Ötekinin yüzünde çıkıp geldiği dünyadan bir iz, bir ahlaki buyruk vardır: “Öldürmeyeceksin!” Bu buyruk bene varoluşunun anlamını verir. Bu buyruk ötekinin yüzünde, yüzün çıplaklık ve masumiyetinde belirir. Ben bu çıplaklık ve masumiyet karşısında bu buyruğu kabullenmek zorunda kalır. Benin ötekinin yüzünde gördüğü buyruk karşısında kendi bencil dünyasına dönmesi artık mümkün değildir. Sorumluluk, benin ötekinin yüzünde gördüğü “Öldürmeyeceksin!” buyruğuna cevabıdır. Ben istese de istemese de kendini bu sorumluluğu üstlenmiş halde bulur. Benin vazgeçemediği ve devredemediği bu sorumluluk, reddedilemezliğini ötekinin yüzündeki buyrukta taşır. Levinas bu durumu şöyle ifadelendirir: “Öteki yüzünde Tanrı sözünü taşır.” Bu buyruğu taşıyan öteki, dün Yahudiydi. Bugün ise Müslümandır. Ötekinin yüzünün büründüğü somutluk bugün Bedir Dahlan’ın yüzüdür. Bedir’in yüzünde beliren bütün Filistin’dir. Bedir’in yüzündeki sözsüz buyruk “Öldürmeyeceksin.” dir. Ve Holokost’u yaşayan herhangi bir İsrailli’nin yüzünde okunan buyruktan farksızdır. Bu etik buyruk politik gerekliliklere kurban edilemeyecek düzeyde Tanrısal ve aynı zamanda insancadır.

Ben ve öteki tarih boyunca hep farklı görünümlere bürünmüştür. Bir dönemin ötekisi şimdinin beni durumundadır ve yıkıcı bencilliğinin, cellatlığının farkında değildir. Temellerinde var olan sorumluluğu unutmuştur ve bunu yeniden hatırlaması gerekmektedir.

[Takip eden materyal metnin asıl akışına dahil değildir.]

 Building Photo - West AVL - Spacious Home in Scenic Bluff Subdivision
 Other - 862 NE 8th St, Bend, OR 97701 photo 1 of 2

Bu noktada bir soruya cevap verilmelidir: “Öldürmeyeceksin.” buyruğunun sorumluluğunu kim alacaktır? Cevabı Karamazov Kardeşler adlı eserinde Dostoyevski vermiştir: “Hepimiz. Ama en çok ben!” Unutulan bu sorumluluk bugün yeniden hatırlanmalı, Bedir’in yüzündeki söz işitilmeli ve Bedir’in yüzündeki bütün ötekiler için yeniden İbrahimce bir “Buradayım.” demeli. “Yüzündeki sözsüz buyruğu işittim ve senin için buradayım. Senin için sorumluluk almıyorum. O sorumluluk zaten bende ve bunu hatırlıyorum.”